Apache OpenOffice (AOO) Bugzilla – Issue 28241
Greek characters as HTML entities
Last modified: 2013-08-07 14:41:36 UTC
The greek characters in export as HTML are saved as HTML entities, which is wrong (according to w3c).
Created attachment 14702 [details] patch to resolve the problem
can you point out the w3c url for reference for this issue please. Thanks
MRU->ES: pls evaluate...
ES->MIB: can you handle this patch, please.
First of all, I assume you are refering to section "24.3 Character entity references for symbols, mathematical symbols, and Greek letters" of the HTML 4.01 specification (http://www.w3.org/TR/html4/sgml/entities.html). I also agree that using entities for greek characters is not reasonable if greek encodings are used. I had a look at your patch, and want to thank you for sending it to us. However, it seems to me that the patched code is not very efficient, because it contains many string comparisons. For this reason, I would suggest to 1) Add a parameter to the function "lcl_svhtml_GetEntityForChar" that contains the current encoding. 2) Divide the switch statement contained in the function "lcl_svhtml_GetEntityForChar" into two, one that contains the non-greek characters only, and one that contains the greek characters only. The 2nd switch statement should be executed only for non-greek encodings. Do you think it would be possible for you to send us an updated patch?
Hi, first of all, I saw I sent by accident the wrong patch. The correct one is exactly the same (codewise) but also has credits. It's based on the patch by Pavel JanÃk for ISO_8859_2 characters found at: http://puma.feld.cvut.cz/~pavel/ Second, you are right, it's inefficient, but the solution you suggest, would mean changes to the lcl_svhtml_GetEntityForChar prototype. Wouldn't that suggest bigger changes throughout the program? Greek characters are consecutive. Could we do simple arithmetics on a switch . i.e if greater than 0386 and less than 03CE (some blanks exist in there, but you get the point), just do nothing (pStr=0).
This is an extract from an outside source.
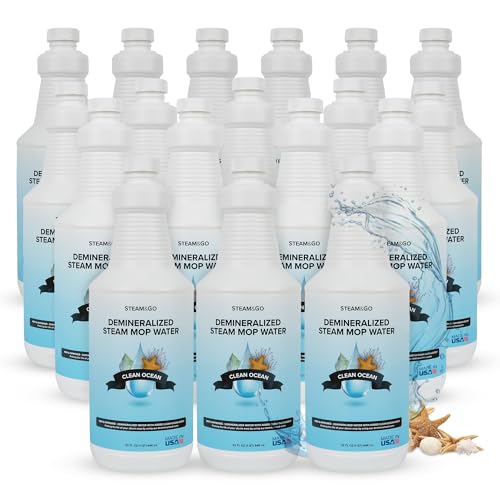 Steam & Go Demineralized Water for Steam Mop – Clean Ocean Scent, 32 oz (Pack of 18) | Scented Floor Cleaner Solution, Ready-to-Use, Compatible with Any Steam Cleaner - size: 32 Fl Oz (Pack of 18)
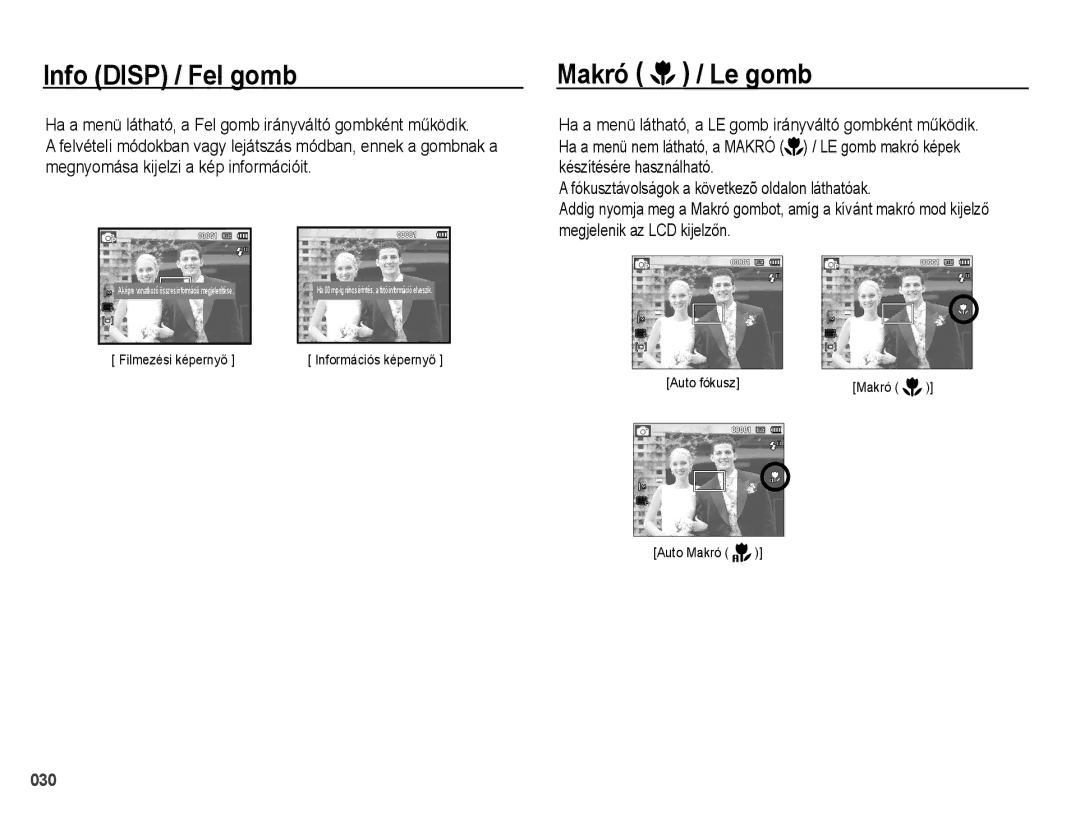 Samsung EC-PL51ZZBPNE1, EC-PL51ZZBPAE1, EC-PL51ZZBPAIT, EC-PL51ZZBPBIT, EC-PL51ZZBPNE3 Info Disp / Fel gomb, Makró / Le gomb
Do you think that would work?
Hi, we are coming closer to 2.0 and we would like to clean up the issues with target milestone 2.0. 'izone', are you going to work on this patch? Michael (mib) will not see your comments. You may want to ask him at the dev@sw.openoffice.org list. Greetings, Stefan
Hi, Well, I thought I'ld get an answer to the question I asked on June 15th first!!! But I'll try to come up with something to see if it is ok.
Hi, I attach a zip file, containing two patches. The one named htmlout.patch, applies to 1.1.4 source. The one named htmlout-2.patch applies to CVS Head (updated 14/1/2005) They were created by Alexios Zavras and tested by Dimitrios Korbetis and they solve the problem with the Greek characters on HTML export.
Created attachment 21543 [details] Patches for the file svtools/source/svhtml/htmlout.cxx
Hi, let me reassign the issue to Michael (mib) for review of the new patch...
Patch as been manually applied.
. re-open issue and reassign to es@openoffice.org
reassign to es@openoffice.org
reset resolution to FIXED
Verified in cws fwkfinal1
Ok in src680m89